[Data entries]

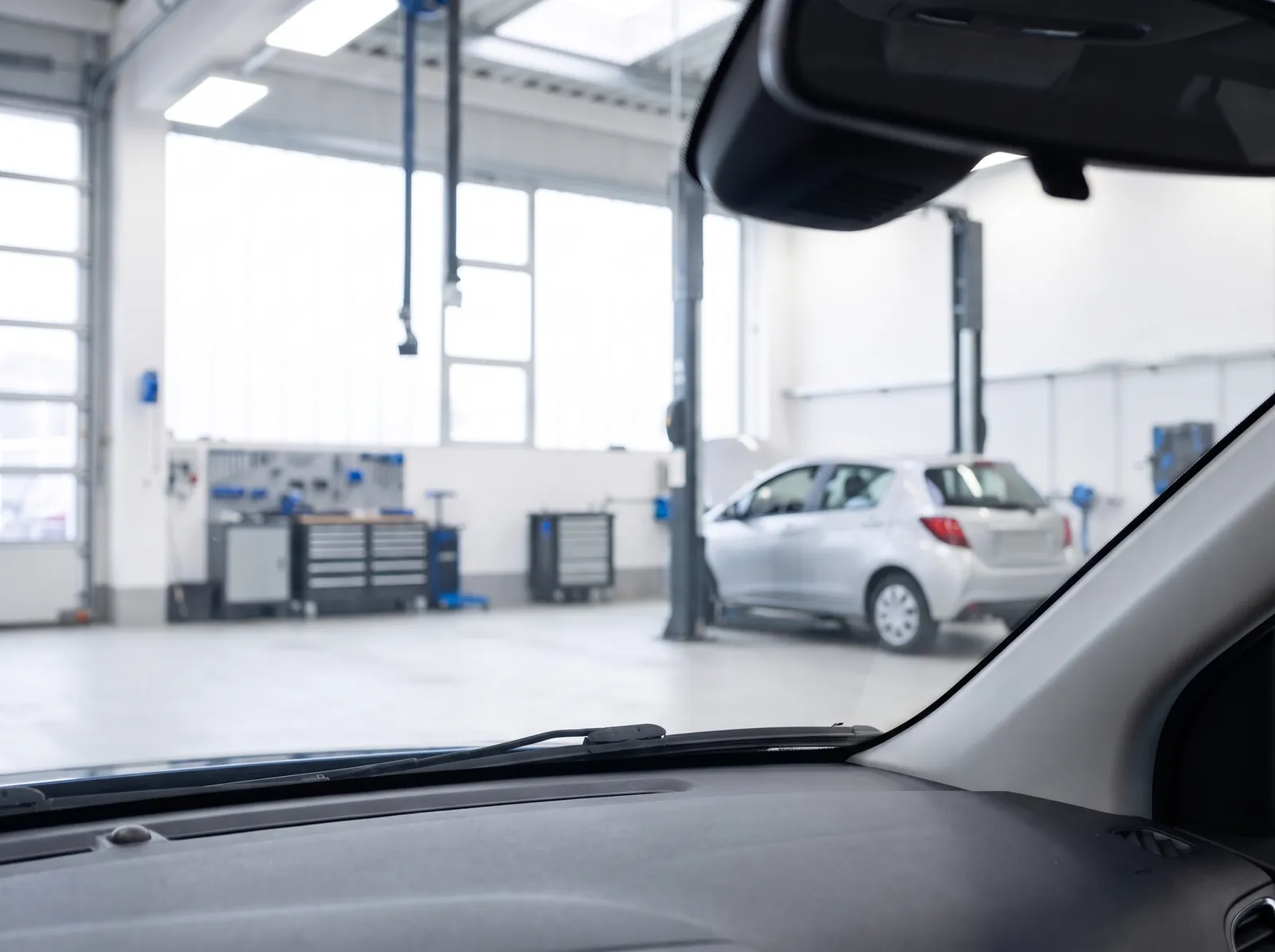 Dieselbe Frontscheibe, repariert und klar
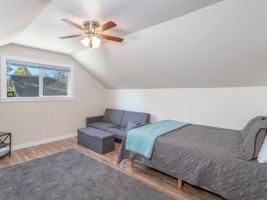 featured image of 1427 E Hays St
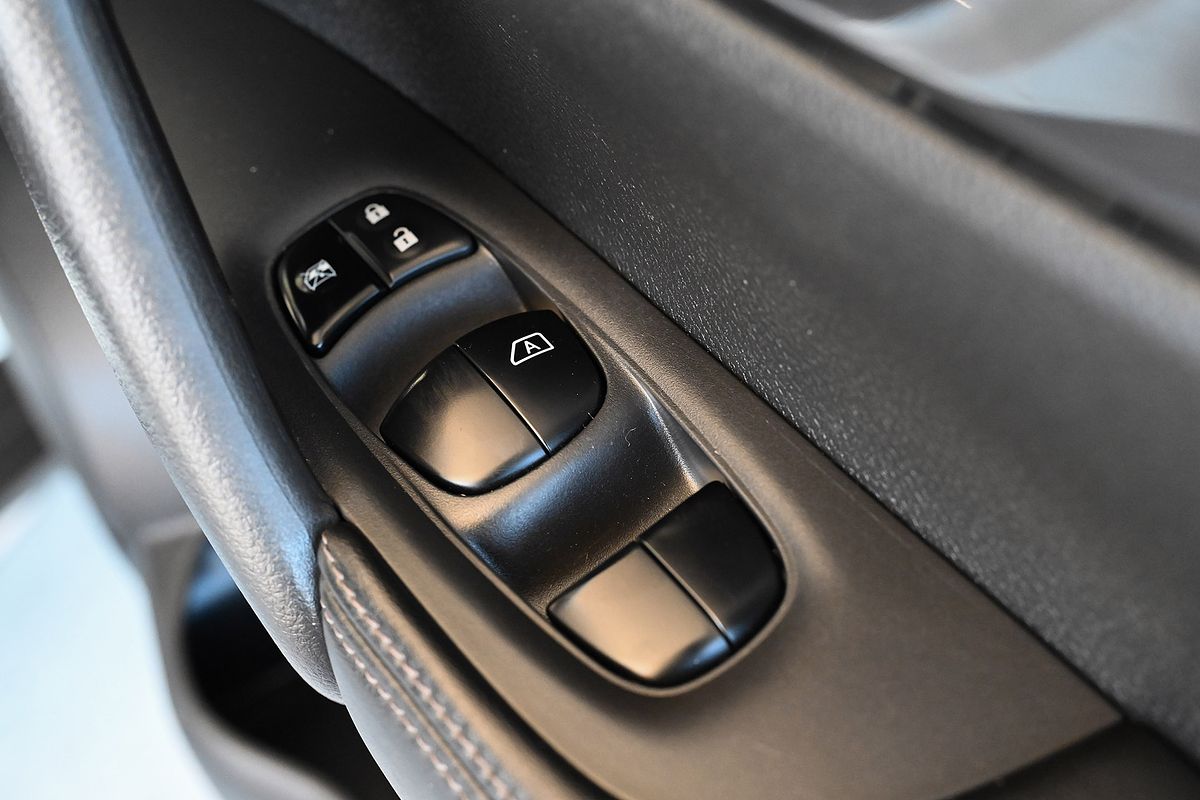 2017 Nissan X-TRAIL ST-L T32 Series II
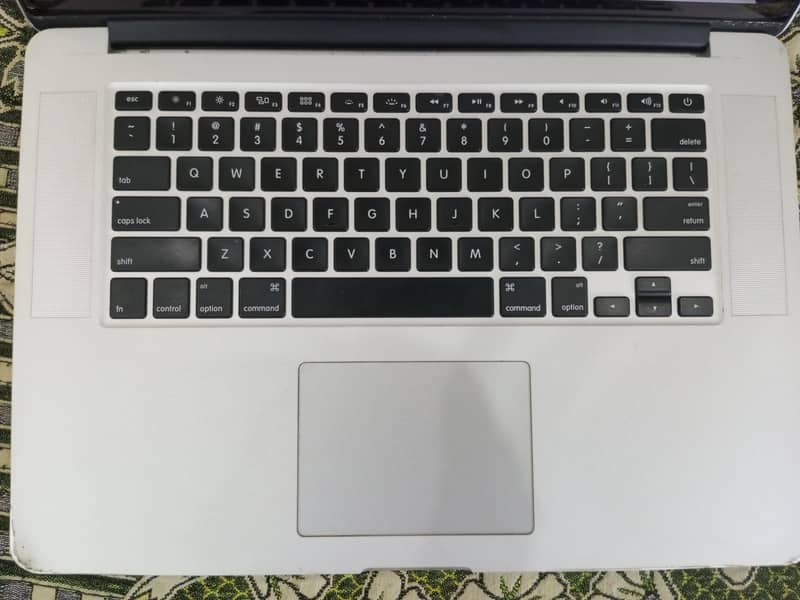 MacBook pro 1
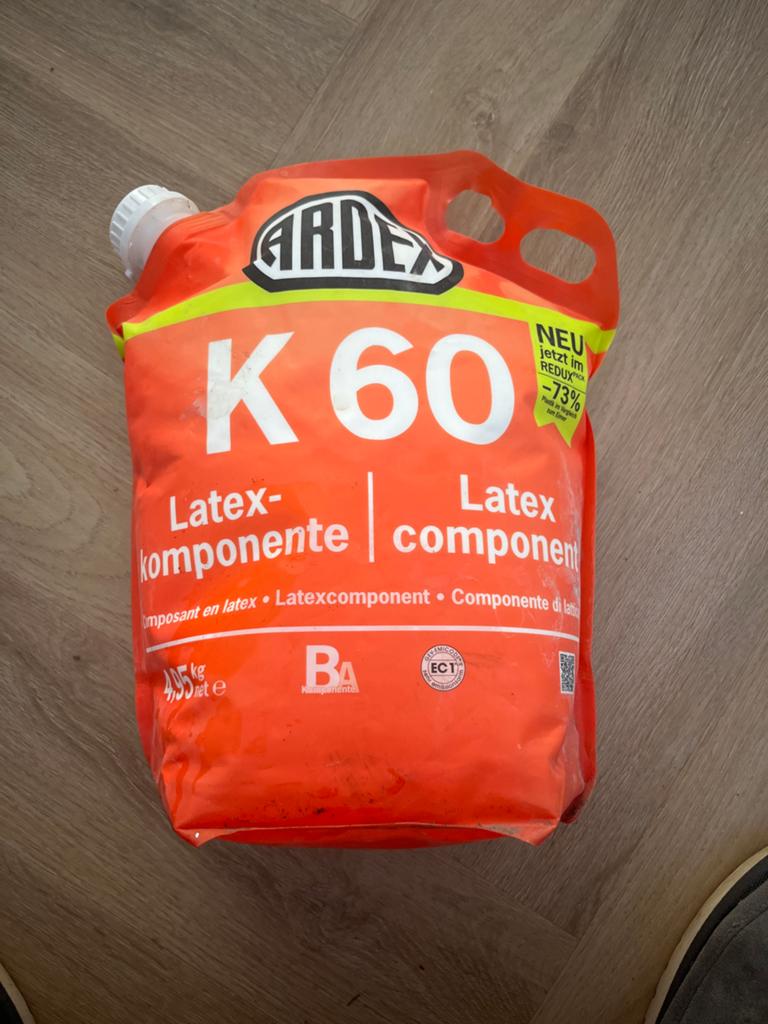 ARDEX K 60 Latex-component - 4.55 kg, Doe-het-zelf en Verbouw, Minder dan 5 liter, Ophalen, Nieuw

### [Exercise instructions]
Return every line above exactly, omitting images.

### [Problem solution]
 Dieselbe Frontscheibe, repariert und klar
 featured image of 1427 E Hays St
 2017 Nissan X-TRAIL ST-L T32 Series II
 MacBook pro 1
 ARDEX K 60 Latex-component - 4.55 kg, Doe-het-zelf en Verbouw, Minder dan 5 liter, Ophalen, Nieuw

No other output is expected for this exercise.